-
Notifications
You must be signed in to change notification settings - Fork 0
C Primer
The main thing that C++ adds to C is the entire new concept of objects. Objects aren't just a new feature that's available to the language, it's the foundational structure in the language, and will be the primary tool used when creating any project.
This change requires something of shift in headspace, it's one of those things that if you don't get it immediately will become a massive "oh! now I get it!" moment later.
In essence, C++ encourages you to define your own types and write the code within those types to make them behave however you need to. This means you can write code that is entirely self-contained without polluting the rest of the application space with unexpected clutter.
The pattern is that you write a class
and put your code & any variables you need into it. Then the outside program makes instances
of your classes, called objects. Each object gets its own copy of all the variables it holds. When you're writing the code to implement an object, you only naturally get access to the variables you declare in your class
.
As an example:
class Counter {
private:
int count = 0;
public:
void increment() {
if (count == INT_MAX) {
count = 0;
} else {
count += 1;
}
}
int value() {
return count;
}
};
void main() {
Counter a;
Counter b;
std::cout << "Initial values - a: " << a.value() << ", b: " << b.value() << std::endl;
// Increment a twice
a.increment();
a.increment();
// Increment b once
b.increment();
std::cout << "Final values - a: " << a.value() << ", b: " << b.value() << std::endl;
}
When run, this should output:
Initial values - a: 0, b: 0
Final values - a: 2, b: 1
This small snippet demonstrates quite a bit. First of all, notice that the main
function declares 2 instances of the Counter
type. They are completely independent, just as if you'd declared 2 integer variables instead. You can have as many instances of your class in your code as memory allows.
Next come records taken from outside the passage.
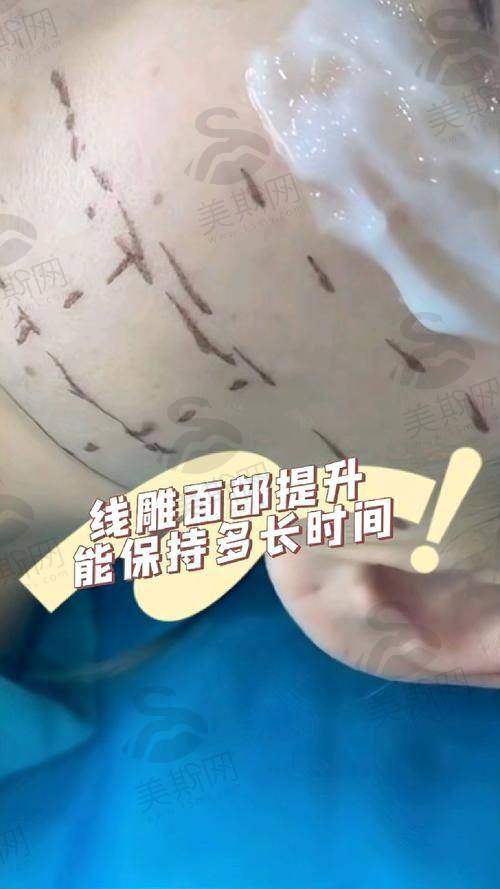 双面网兜提升术成效能维持多久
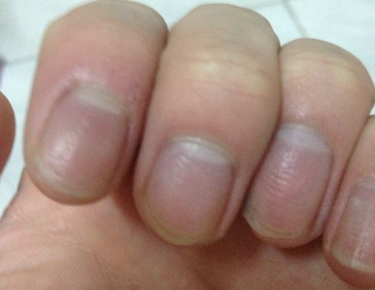 灰指甲的前期征兆 出现了这七种症状一定要警惕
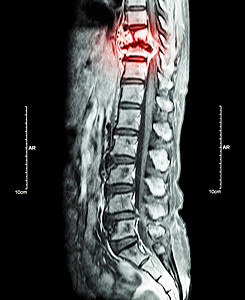 脊柱转移 癌扩散到胸椎 胸腰椎MRI 显示胸椎转移并压迫脊髓 脊髓病 矢状面椎骨柱子绳索疾病癌变胸部腰椎谐振科学x光图片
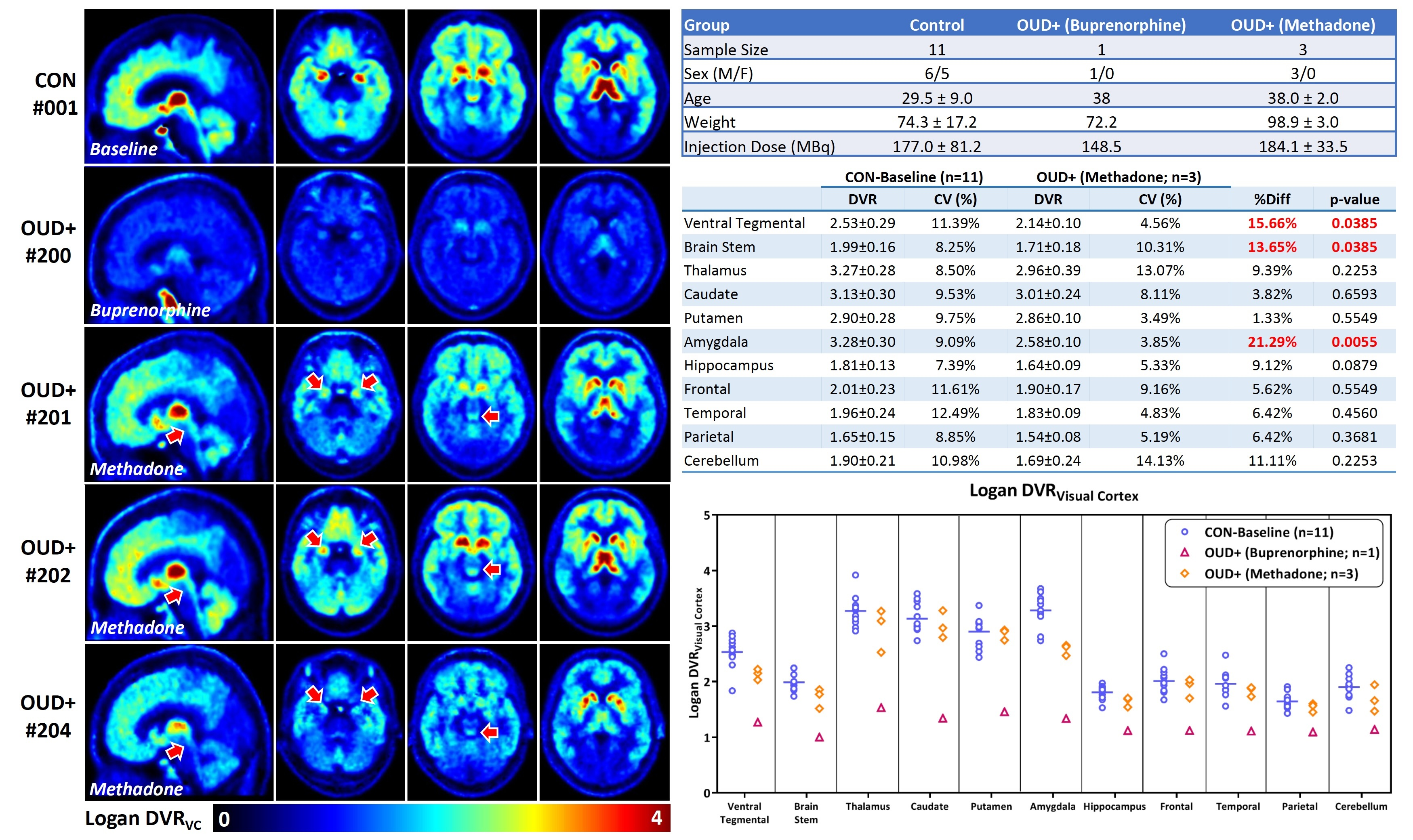 C-11 carfentanil PET brain images in the sagittal plane (left column) and multiple transaxial planes (2nd through 4th columns) are shown on the left side. Red arrows indicate brain stem (1st column), amygdala (2nd column), and ventral tegmentum (3rd column). Experimental group descriptions are shown on the right (top) along with Logan distribution volume ratio (DVR) volumes of interest (VOI) means and coefficient of variances (CV) with percent change compared with the healthy control (HC) mean (%Diff). P-values (Mann-Whitney U test) are also provided. The VOI DVRs are plotted in the bottom right graph.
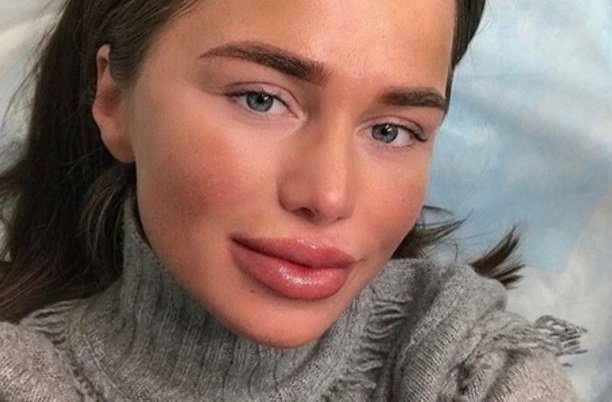 Алекса после пластики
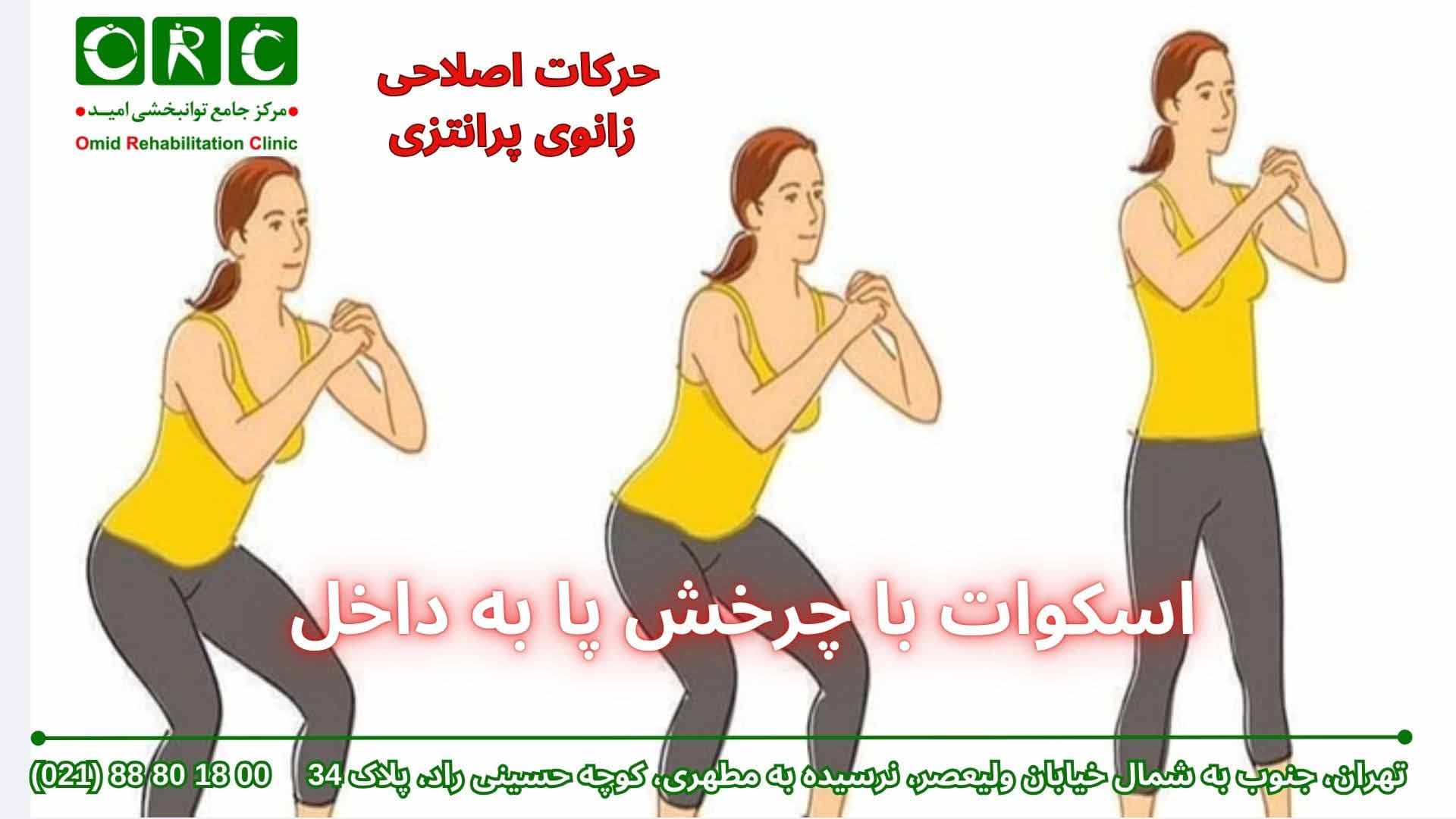 معرفی حرکات اصلاحی پای پرانتزی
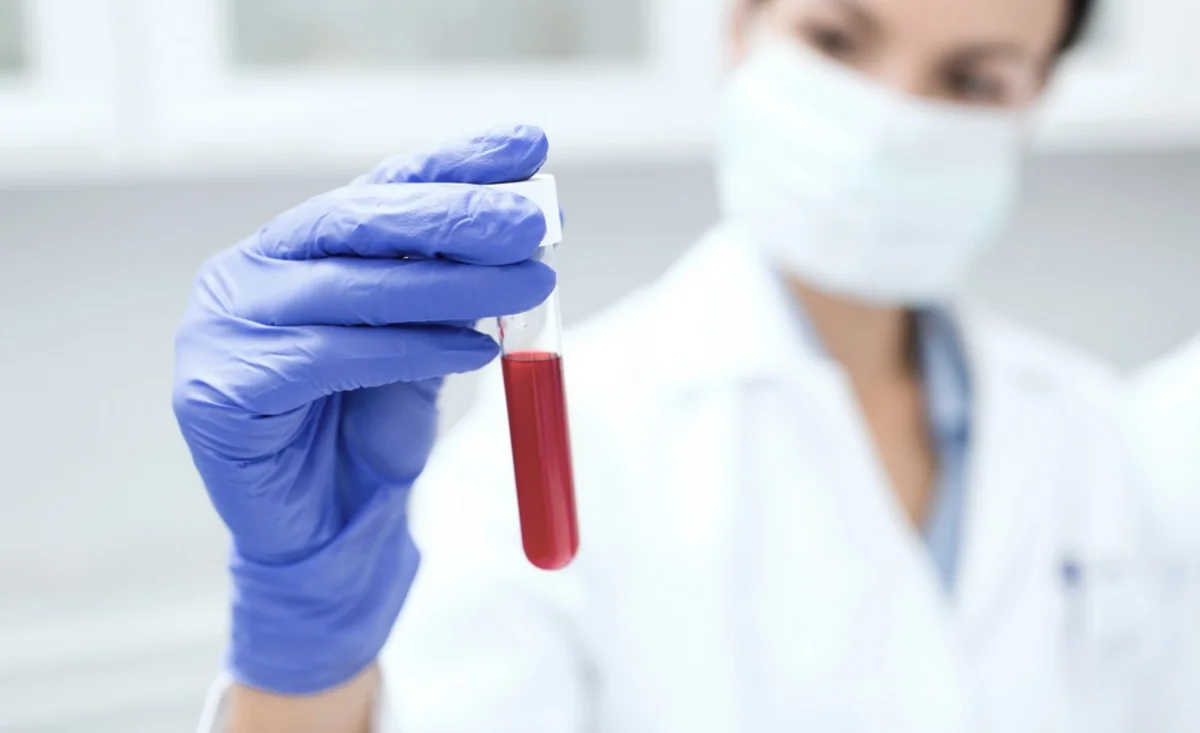 Azərbaycanda koronavirusla bağlı testlərin sayı açıqlandı - RƏSMİ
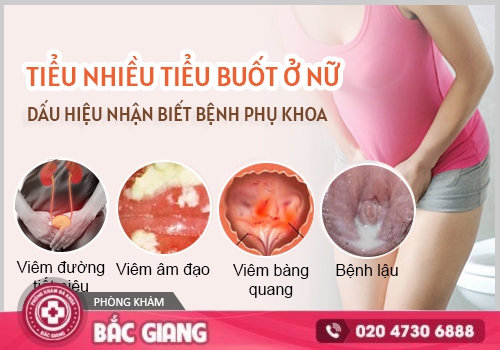 Tiểu nhiều lần ở nữ: Nguyên nhân, dấu hiệu và cách chữa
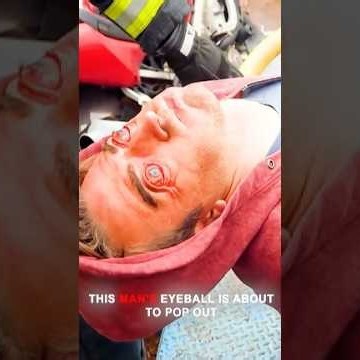 His Friends Literally Popped His Eyeball Out #movie #film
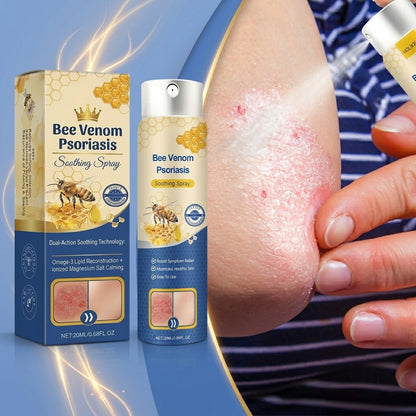 Dermynex™ Advanced Recovery Mist: Triple-Active Relief for Psoriasis & Eczema-Prone Skin with Bee Venom & Omega-3【Free Tax】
Also notice how the code inside the Counter class accesses only the member variables on its class. For example, inside the increment
method, we only have access to the member variables of our class (in this case, count
), any local variables we declare in the method, and the global variables.
One thing that's not obvious in the above example is that there is no way for the code in the main
function to tamper with the counters. If you tried to write a.count = 4;
in the main function, it wouldn't compile. This is because the count
member of the Counter
class is private
. private
means that a member can only be used by the class
that defines it. This can be used to prevent misuse of objects by outside code that might not have the full picture of what needs to be done. The only thing that can be done with our counters is you can increment them by 1 and you can get their value. You can't reset them, you can't randomise their values. How their state is changed is defined solely by the methods on the class.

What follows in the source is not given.